Sellers’ problems in human computation markets: This paper changes the perspective on crowdsourcing research by shifting the focus from the requesters' desire for cost-effective and high-quality work to the workers' problems with unscrupulous requesters in Mechanical Turk. The authors investigate this problem by reading turkers' messages on Turker Nation, many of which lament the abundance of spam/scam tasks and the lack of control the workers have over how their work is evaluated (which directly affects whether they get paid). I think some of the suggestions collected for a hypothetical "Turkers' Bill of Rights" are reasonable and may effectively diminish some of these problems. For example, enforcing a low baseline pay for all completed tasks sounds reasonable to me. While this doesn't exactly solve any of the problems (a worker could still be unfairly denied the rest of his pay, and an unscrupulous worker will receive some payment), I think this would discourage the massive growth of spam/scam tasks, and the requester could still maintain control over quality with his power to reject work (even though the poor worker receives baseline wage, such workers will accrue bad ratings, and the previous paper showed that most workers are very concerned about the possibility of rejection).

Philipp Gutheim

The "Sellers' problem..." paper addresses a valid concern: The dependency and increasing exploitation of MTurk workers by scammers & spammers. Although this paper addresses an important issue, I feel not comfortable to write a serious comment on a paper which contribution starts with an anecdotal story telling a la "and then spamkid94 goes "XYZ" and ends with a set of open questions. I am well aware that this research area - as the paper points out - is not tackled at all. However, I believe there are more appropriate ways to approach a new research topic in a more academic way.
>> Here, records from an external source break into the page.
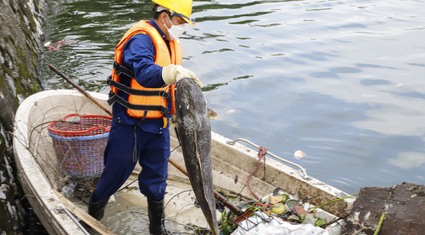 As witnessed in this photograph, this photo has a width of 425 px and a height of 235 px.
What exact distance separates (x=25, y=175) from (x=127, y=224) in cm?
126

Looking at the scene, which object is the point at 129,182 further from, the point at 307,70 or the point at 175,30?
the point at 307,70

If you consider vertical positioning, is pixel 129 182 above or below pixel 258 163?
below

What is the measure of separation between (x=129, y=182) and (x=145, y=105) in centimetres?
236

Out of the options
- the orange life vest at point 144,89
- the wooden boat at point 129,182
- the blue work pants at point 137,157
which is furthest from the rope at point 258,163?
the orange life vest at point 144,89

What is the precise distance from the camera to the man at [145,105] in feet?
15.4

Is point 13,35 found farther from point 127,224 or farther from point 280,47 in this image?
point 280,47

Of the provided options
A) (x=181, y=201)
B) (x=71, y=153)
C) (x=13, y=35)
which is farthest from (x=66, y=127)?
(x=13, y=35)

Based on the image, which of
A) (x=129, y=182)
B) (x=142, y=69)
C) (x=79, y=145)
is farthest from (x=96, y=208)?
(x=142, y=69)

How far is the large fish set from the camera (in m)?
4.02

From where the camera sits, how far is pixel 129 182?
A: 23.1ft

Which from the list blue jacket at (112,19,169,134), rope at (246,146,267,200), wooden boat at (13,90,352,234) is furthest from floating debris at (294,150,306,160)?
blue jacket at (112,19,169,134)

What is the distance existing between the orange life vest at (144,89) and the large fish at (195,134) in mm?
859

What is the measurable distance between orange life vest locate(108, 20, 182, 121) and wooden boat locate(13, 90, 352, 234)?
3.87ft

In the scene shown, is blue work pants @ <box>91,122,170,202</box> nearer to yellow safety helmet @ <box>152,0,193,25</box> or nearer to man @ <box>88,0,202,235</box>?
man @ <box>88,0,202,235</box> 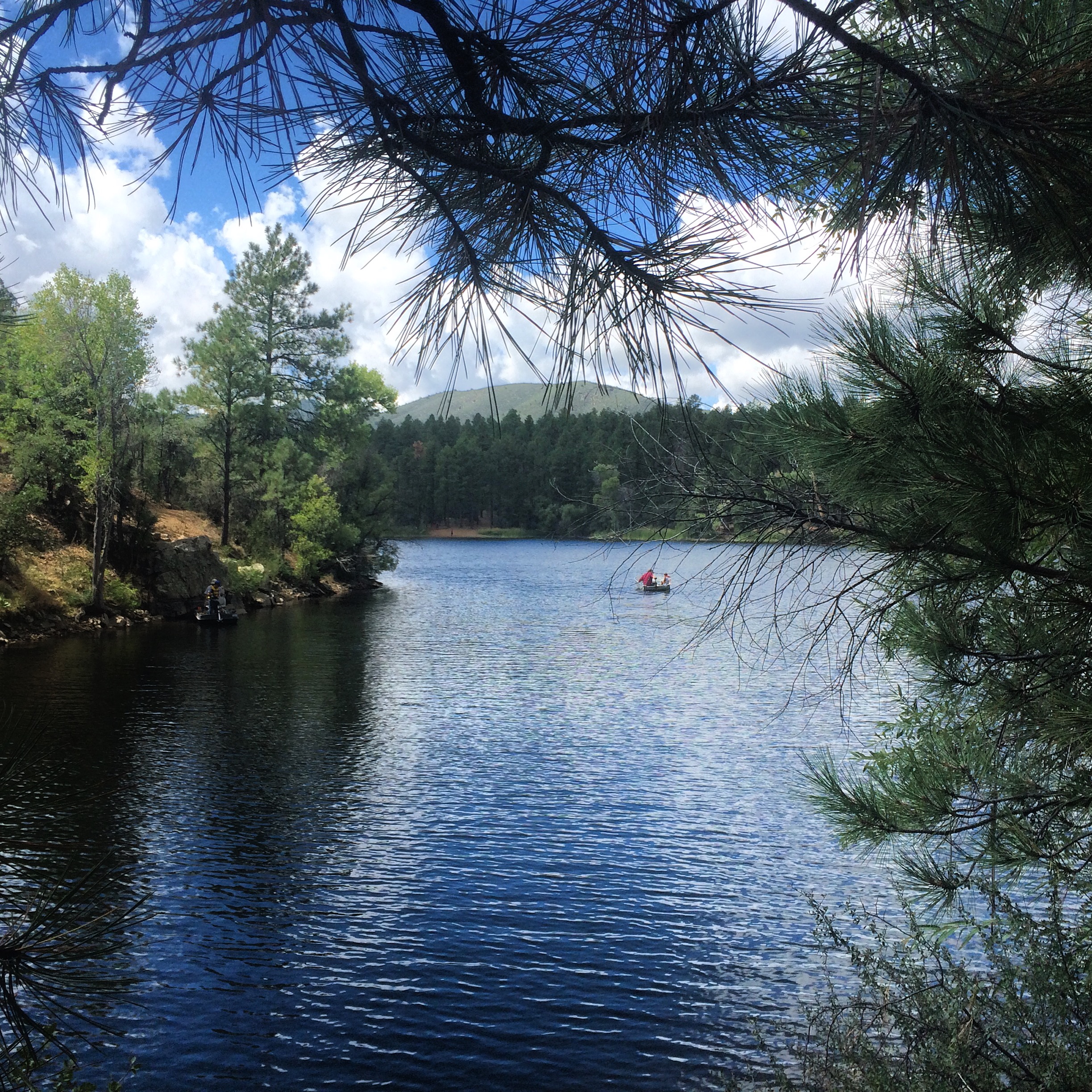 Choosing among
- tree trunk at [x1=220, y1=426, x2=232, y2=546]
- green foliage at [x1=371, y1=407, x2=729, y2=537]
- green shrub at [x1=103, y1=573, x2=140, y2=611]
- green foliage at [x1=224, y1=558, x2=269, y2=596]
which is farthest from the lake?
tree trunk at [x1=220, y1=426, x2=232, y2=546]

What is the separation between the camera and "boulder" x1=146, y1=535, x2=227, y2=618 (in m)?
34.6

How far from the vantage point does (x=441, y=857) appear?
39.7ft

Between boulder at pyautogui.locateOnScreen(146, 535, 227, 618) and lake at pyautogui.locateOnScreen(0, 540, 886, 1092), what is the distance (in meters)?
9.47

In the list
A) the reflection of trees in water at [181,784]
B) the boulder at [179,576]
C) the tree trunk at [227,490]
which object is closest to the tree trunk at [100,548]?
the boulder at [179,576]

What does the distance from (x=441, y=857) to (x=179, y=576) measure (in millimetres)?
26722

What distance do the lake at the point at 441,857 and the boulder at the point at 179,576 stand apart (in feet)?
31.1

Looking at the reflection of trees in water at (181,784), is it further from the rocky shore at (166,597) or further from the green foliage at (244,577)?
the green foliage at (244,577)

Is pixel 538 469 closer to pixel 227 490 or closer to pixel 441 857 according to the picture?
pixel 227 490

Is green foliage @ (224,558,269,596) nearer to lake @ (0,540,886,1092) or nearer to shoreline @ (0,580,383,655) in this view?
shoreline @ (0,580,383,655)

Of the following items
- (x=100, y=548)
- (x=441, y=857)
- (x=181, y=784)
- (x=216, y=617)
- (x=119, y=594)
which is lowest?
→ (x=441, y=857)

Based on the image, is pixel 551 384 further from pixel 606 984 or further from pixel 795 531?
pixel 606 984

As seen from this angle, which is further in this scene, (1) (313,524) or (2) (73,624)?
(1) (313,524)

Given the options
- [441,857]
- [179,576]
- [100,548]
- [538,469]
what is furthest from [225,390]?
→ [538,469]

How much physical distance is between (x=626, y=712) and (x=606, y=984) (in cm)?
1150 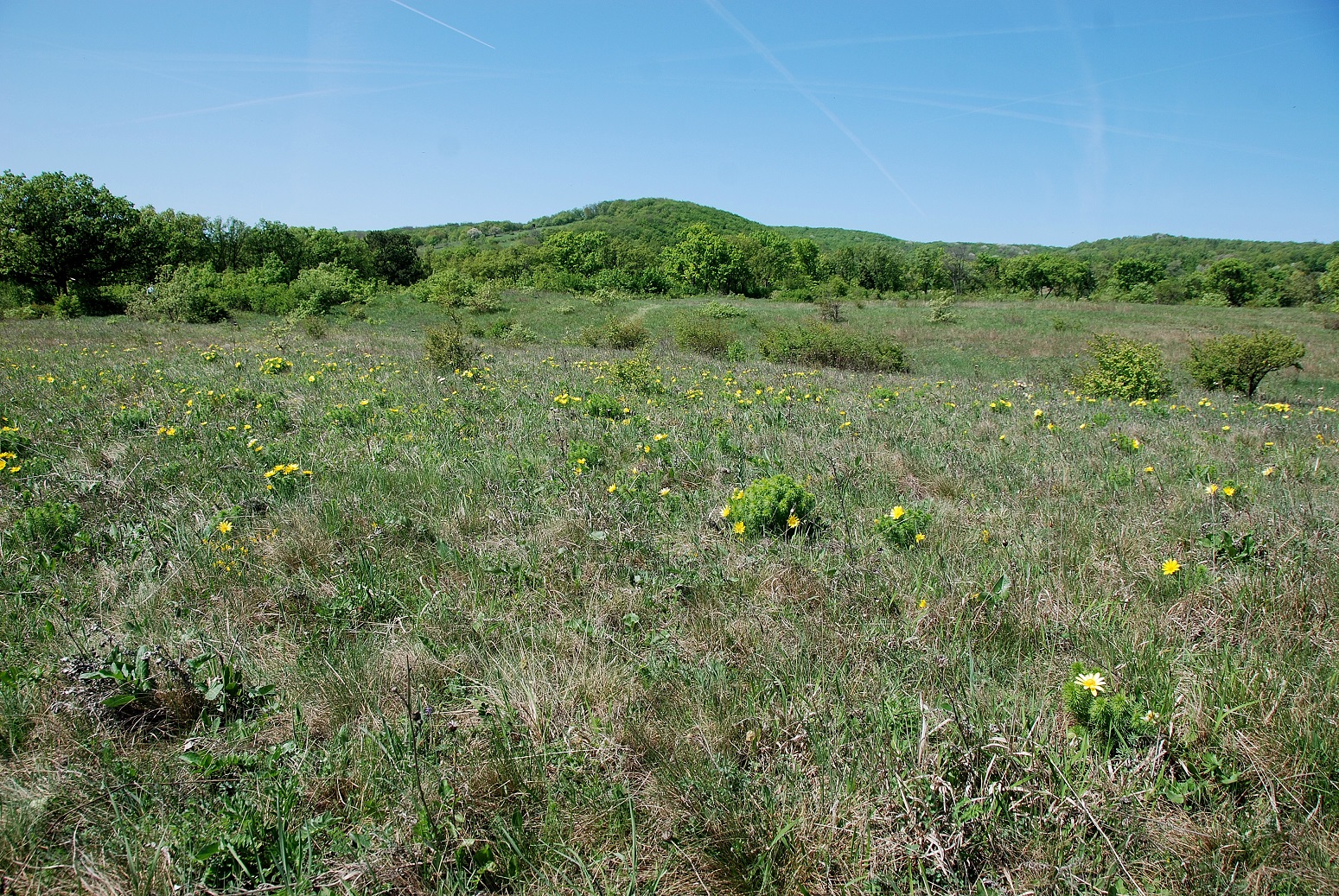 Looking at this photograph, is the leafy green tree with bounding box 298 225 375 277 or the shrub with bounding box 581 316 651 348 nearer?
the shrub with bounding box 581 316 651 348

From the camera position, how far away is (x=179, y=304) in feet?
90.3

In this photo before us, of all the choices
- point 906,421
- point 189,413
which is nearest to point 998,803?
point 906,421

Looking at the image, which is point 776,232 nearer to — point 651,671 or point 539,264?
point 539,264

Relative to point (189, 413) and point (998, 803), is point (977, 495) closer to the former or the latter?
point (998, 803)

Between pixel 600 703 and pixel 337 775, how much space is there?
0.85 meters

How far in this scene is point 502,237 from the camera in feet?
479

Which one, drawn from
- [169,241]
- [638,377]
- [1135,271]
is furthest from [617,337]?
[1135,271]

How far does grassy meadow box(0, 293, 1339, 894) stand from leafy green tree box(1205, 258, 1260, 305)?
10544 cm

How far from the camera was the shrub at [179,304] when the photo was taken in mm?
27547

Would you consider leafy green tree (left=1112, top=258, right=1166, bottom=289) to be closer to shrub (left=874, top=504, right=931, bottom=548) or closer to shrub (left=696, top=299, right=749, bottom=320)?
shrub (left=696, top=299, right=749, bottom=320)

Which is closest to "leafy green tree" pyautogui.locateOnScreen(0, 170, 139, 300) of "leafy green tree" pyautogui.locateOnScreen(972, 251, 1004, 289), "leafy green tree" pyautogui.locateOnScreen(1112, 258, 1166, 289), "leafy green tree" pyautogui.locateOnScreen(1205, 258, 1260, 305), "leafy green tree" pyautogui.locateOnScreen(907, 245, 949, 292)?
"leafy green tree" pyautogui.locateOnScreen(907, 245, 949, 292)

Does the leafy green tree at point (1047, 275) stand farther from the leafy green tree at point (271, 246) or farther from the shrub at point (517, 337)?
the leafy green tree at point (271, 246)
The paper "Designing Incentives for Inexpert Human Raters" investigates how quality of results differ in respect of financial or social incentives for the workers. As one of the findings, the paper points out that an international set of workers has significant implications. This is for instance because of inter-cultural implications as well as contextual differences. For example, US workers might have a better context for tagging an image than Indian worker (hypothesis: more US workers use Facebook, read about it in blogs, the media etc).

Travis Yoo

Designing Incentives for Inexpert Human Raters: the paper conducted very interesting experiment that treated workers differently and presented in-depth analysis. The similar example in the real world would be using different terms and conditions in contracts between employees and employers. In the real world, work contracts involving simple tasks usually convey punish conditions (such as "I'll deduct 10% from the total bonus if you break more than 5 dishes!") and it is known that those with such conditions are generally more effective to make workers perform better. The paper's results are consistent with the findings in the real world.

In designing different incentives, I think referring to various social experiments in behavioral economics (especially ones related to incentives) would be interesting. There may be unpredictable differences that may only appear in the AMT, however, considering the characteristics of the AMT marketplace, I think incentives applied in the real world market would generally work in the AMT and human computation markets as well.
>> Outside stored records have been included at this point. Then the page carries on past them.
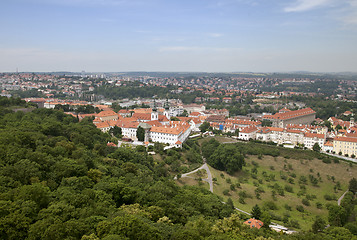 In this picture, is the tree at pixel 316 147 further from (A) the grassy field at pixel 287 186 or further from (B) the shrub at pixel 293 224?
(B) the shrub at pixel 293 224

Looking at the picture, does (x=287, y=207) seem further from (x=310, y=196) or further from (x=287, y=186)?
(x=287, y=186)

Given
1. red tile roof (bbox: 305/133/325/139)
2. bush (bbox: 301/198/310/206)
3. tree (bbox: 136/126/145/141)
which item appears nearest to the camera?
bush (bbox: 301/198/310/206)

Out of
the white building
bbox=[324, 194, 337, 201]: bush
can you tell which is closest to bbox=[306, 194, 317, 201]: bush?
bbox=[324, 194, 337, 201]: bush

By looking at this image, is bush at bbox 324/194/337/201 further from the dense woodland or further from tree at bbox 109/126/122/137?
tree at bbox 109/126/122/137

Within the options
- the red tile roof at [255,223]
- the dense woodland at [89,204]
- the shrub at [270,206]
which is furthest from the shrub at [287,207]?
the dense woodland at [89,204]

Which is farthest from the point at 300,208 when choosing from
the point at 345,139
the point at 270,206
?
the point at 345,139

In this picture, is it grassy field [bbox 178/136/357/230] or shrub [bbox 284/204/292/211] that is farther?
shrub [bbox 284/204/292/211] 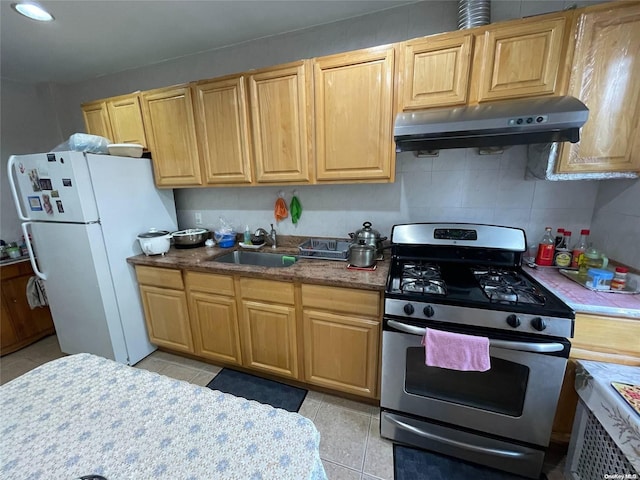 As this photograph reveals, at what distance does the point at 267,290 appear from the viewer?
1716mm

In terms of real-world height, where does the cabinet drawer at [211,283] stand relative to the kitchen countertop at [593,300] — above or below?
below

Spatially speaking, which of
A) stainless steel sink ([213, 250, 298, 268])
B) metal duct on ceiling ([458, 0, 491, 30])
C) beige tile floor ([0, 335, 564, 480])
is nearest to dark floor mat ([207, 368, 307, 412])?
beige tile floor ([0, 335, 564, 480])

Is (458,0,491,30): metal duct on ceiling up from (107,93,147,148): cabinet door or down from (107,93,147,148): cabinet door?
up

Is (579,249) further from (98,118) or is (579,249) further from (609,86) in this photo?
(98,118)

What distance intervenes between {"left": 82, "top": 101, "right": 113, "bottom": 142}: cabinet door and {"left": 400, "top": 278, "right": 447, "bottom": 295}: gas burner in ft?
8.90

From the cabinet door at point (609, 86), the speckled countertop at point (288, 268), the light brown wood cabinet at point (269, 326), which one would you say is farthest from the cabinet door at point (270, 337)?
the cabinet door at point (609, 86)

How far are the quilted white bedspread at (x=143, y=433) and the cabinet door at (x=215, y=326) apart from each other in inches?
38.4

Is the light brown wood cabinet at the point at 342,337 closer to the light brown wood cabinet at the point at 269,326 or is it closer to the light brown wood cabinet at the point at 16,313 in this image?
the light brown wood cabinet at the point at 269,326

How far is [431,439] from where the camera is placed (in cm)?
138

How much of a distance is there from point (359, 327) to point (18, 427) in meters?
1.37

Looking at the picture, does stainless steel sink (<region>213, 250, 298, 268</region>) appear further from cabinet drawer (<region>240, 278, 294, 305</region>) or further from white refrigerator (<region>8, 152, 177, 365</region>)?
white refrigerator (<region>8, 152, 177, 365</region>)

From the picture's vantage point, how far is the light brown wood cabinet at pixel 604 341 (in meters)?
1.14

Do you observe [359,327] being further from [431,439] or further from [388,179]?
[388,179]

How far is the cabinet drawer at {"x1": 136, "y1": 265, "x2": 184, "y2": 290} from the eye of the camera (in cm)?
197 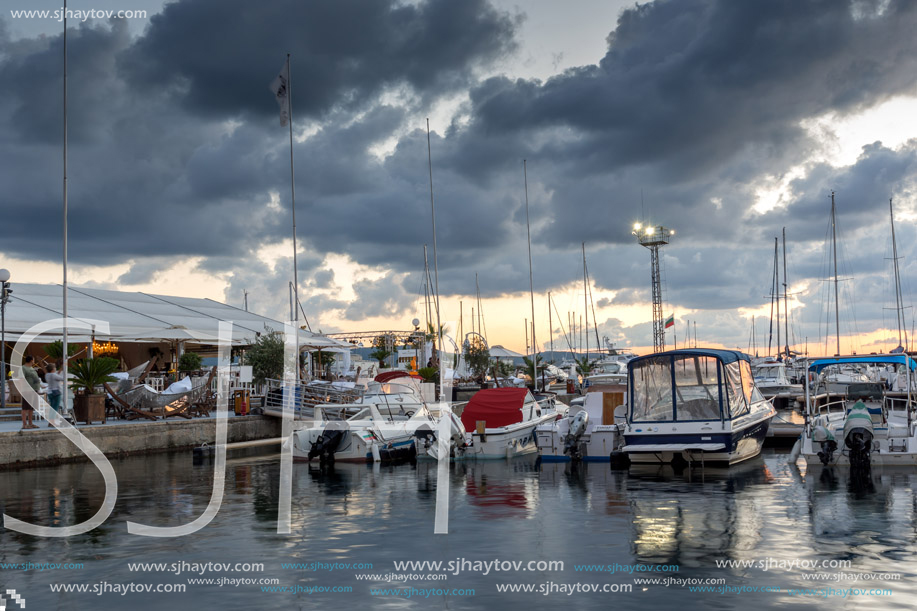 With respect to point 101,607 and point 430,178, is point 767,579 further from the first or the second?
point 430,178

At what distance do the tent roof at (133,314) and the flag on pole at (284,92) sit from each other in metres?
11.0

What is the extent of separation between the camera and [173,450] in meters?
29.7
Sellers' problems in human computation markets: the paper addresses issues related to the sellers (workers) in the AMT. The paper identifies the problem of uncertainty associated with HIT payment, and it argues that it is mainly because of the prevalence of malicious requesters and intentions. The authors attribute the cause of the problem to the AMT's design decisions, which successfully attracted workers to the marketplace as well as scammers at the same time.

Mainly this problem roots from the socio-techno gap that we haven't closed yet (or never ever)in such systems, and the problem's nature suggests that the problem can be definitely solvable in any close time. Again like other research areas in HCI, understanding workers' behavior and the connection between workers and the system would be critical in solving this problem. As the author says, looking into the studies already conducted over other systems (such as the low quality of online Q&A or email scamming) would be also useful to break through this problem.

Kurtis Heimerl

Designing incentives for inexpert human raters Interesting paper. Basic gist is that they present a variety of incentive mechanisms to the users and measure the relative effectiveness of them. I had some qualms about the methodology, probably because I was recently deeply embroiled in writing a turk paper of my own. Some were minor (failing a null does not suggest anything), some were major (chi-squared is generally not appropriate for discrete distributions without more analysis. Maybe they did.), and even more were probably because I don’t know what I’m doing.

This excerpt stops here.